# What tool for 24 notch SRAM DUB BB?



## Alias530 (Apr 1, 2013)

Ok, I give up, I’ve spent a half hour searching and can’t figure it out. I’ve found posts saying that the Race Face BSA tool works but those appear to be 16 notches. My SRAM DUB BB has 24 notches. Can anyone link me to an actual product that’ll work?


----------



## Alias530 (Apr 1, 2013)

Or do you just get a 46mm 12 notch tool and only half the teeth are engaged? Why even have 24 teeth? As far as I can tell no 24 tooth tools exist. 

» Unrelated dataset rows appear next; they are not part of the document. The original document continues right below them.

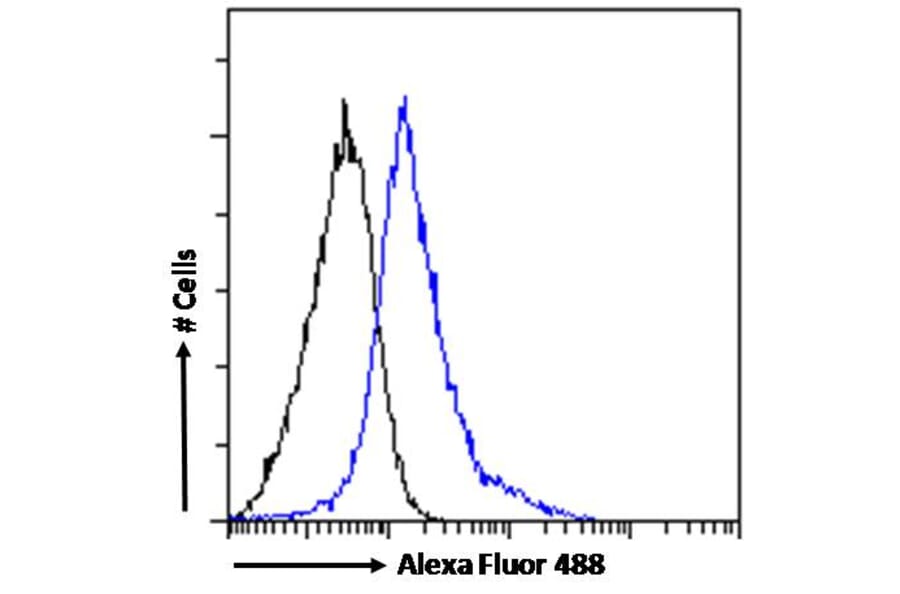 Flow Cytometry - Anti-CD14 Antibody (A84169) - Antibodies.com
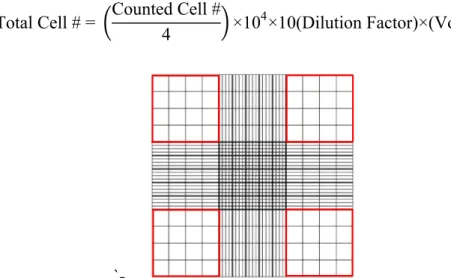 Figure  2.1.  Representative  picture  of  grids  in  hemocytometer.  Cells  residing  within the red squares were included in the counting
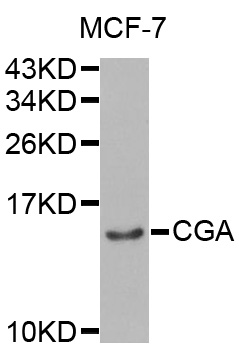 CGA / hCG Alpha Antibody - Western blot analysis of extracts of MCF-7 cells, using CGA antibody at 1:1000 dilution. The secondary antibody used was an HRP Goat Anti-Rabbit IgG (H+L) at 1:10000 dilution. Lysates were loaded 25ug per lane and 3% nonfat dry milk in TBST was used for blocking.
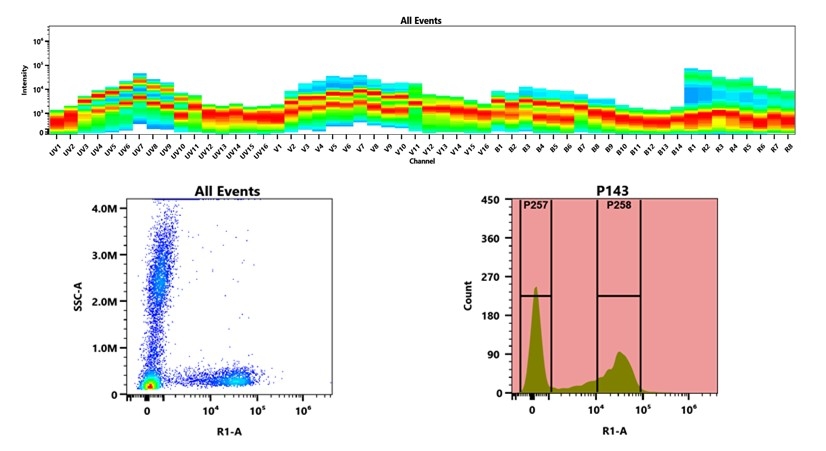 (Top) Spectral emission profiles generated using four spatially offset lasers (355 nm, 405 nm, 488 nm, and 640 nm). Each laser produced a distinct emission pattern, and their combination yielded the composite spectral signature. (Bottom) Flow cytometry analysis of whole blood stained with APC Anti-human CD7 Antibody *HIT7*. The fluorescence signal was monitored using an Cytek Aurora flow cytometer in the specific R1-A channel.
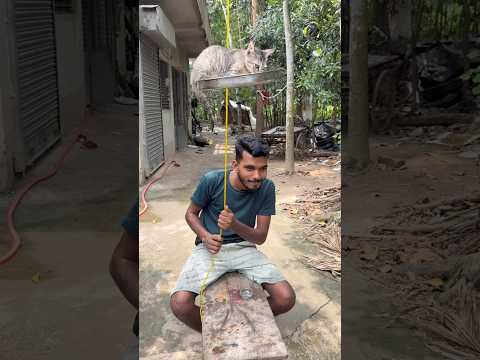 The cat ate all my fish 🐈 🤣🤣🤣 #funny #laugher #funnyclip #viral2025 #funnyreels #funnykids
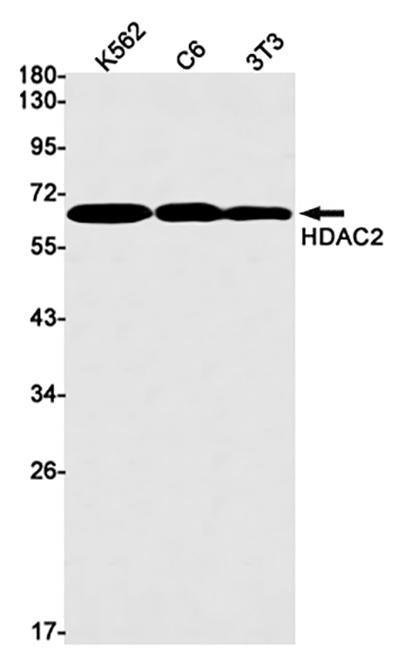 HDAC2 Rabbit Monoclonal Antibody | 兔单抗 | EnkiLife恩玑生命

And I happen to have a 46mm 16 tooth and two other sizes of 12 tooth but not what I need. Figures.


----------



## Lone Rager (Dec 13, 2013)

12 tooth Park >>> BBT-19<<< WRONG ! Meant BBT-79 <<< works. Here's a stamped one for $4.99. https://www.aliexpress.com/item/32932727597.html


----------



## twodownzero (Dec 27, 2017)

This is the tool I use:
https://www.amazon.com/dp/B010T6L67...5e4-4969-9aeb-d7005861cbd2&smid=A386IER85LFQA


----------



## Alias530 (Apr 1, 2013)

twodownzero said:


> This is the tool I use:
> https://www.amazon.com/dp/B010T6L67...5e4-4969-9aeb-d7005861cbd2&smid=A386IER85LFQA


I ordered that yesterday. Still surprised that my BB has 24 notches and that tool has 12. Wish I had seen the tool above though at 1/6th the cost.


----------



## parktool (Jun 27, 2017)

BBT-79 is the tool SRAM uses in their how to videos on the subject. It works great.


----------



## Alias530 (Apr 1, 2013)

BBT-79 just showed up and it works. Still weird to me that DUB has 24 notches.


----------



## customfab (Jun 8, 2008)

Alias530 said:


> BBT-79 just showed up and it works. Still weird to me that DUB has 24 notches.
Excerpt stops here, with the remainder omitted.